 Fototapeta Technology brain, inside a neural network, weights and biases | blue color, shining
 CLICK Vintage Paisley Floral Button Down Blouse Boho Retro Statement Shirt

--

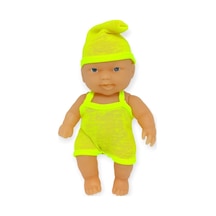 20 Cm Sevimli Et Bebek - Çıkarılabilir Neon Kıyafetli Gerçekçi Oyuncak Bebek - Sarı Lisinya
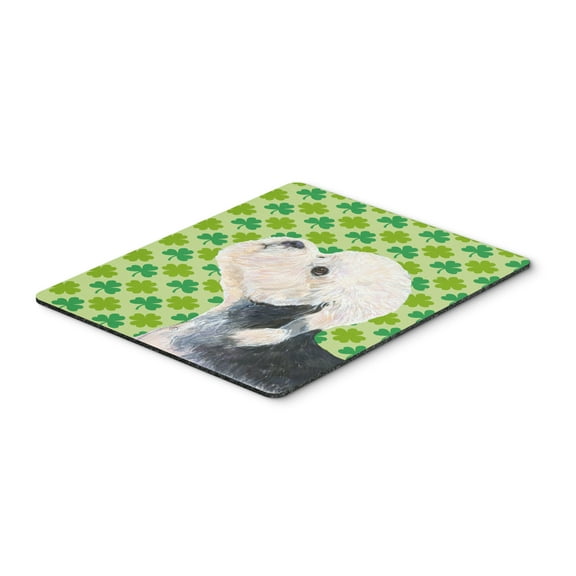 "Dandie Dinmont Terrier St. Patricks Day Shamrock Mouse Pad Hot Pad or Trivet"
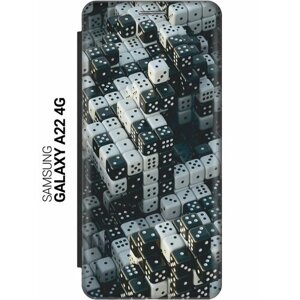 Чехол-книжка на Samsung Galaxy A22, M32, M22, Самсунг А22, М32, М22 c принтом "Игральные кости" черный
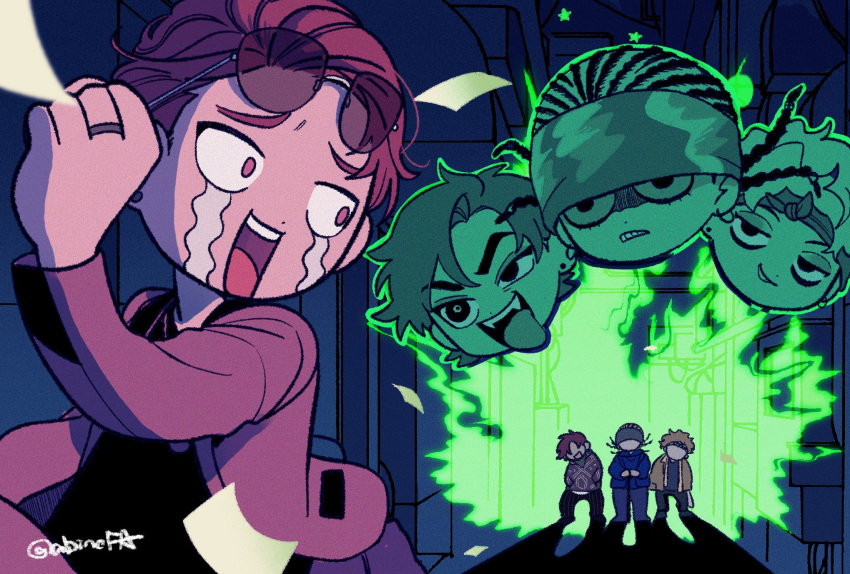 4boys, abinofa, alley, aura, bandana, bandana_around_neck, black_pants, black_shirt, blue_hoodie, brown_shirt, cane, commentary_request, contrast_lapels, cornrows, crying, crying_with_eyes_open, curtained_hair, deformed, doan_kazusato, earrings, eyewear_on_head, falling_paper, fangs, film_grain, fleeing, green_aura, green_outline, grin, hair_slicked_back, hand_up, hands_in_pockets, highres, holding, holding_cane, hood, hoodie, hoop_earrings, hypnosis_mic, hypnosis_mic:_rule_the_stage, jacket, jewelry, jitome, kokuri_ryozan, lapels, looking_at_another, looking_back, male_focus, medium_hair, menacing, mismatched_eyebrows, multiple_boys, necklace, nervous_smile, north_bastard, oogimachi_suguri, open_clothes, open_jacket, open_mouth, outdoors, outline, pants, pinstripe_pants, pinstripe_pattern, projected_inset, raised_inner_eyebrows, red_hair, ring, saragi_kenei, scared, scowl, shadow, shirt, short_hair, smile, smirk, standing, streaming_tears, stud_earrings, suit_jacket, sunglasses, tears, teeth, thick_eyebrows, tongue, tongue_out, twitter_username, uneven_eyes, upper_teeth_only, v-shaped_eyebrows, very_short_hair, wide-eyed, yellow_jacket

--

What is needed » Return only the part of the records above that opens with the line containing "Fototapeta Technology brain, inside" and closes with the line containing "CLICK Vintage Paisley", ends included.

Response for this exercise »
 Fototapeta Technology brain, inside a neural network, weights and biases | blue color, shining
 CLICK Vintage Paisley Floral Button Down Blouse Boho Retro Statement Shirt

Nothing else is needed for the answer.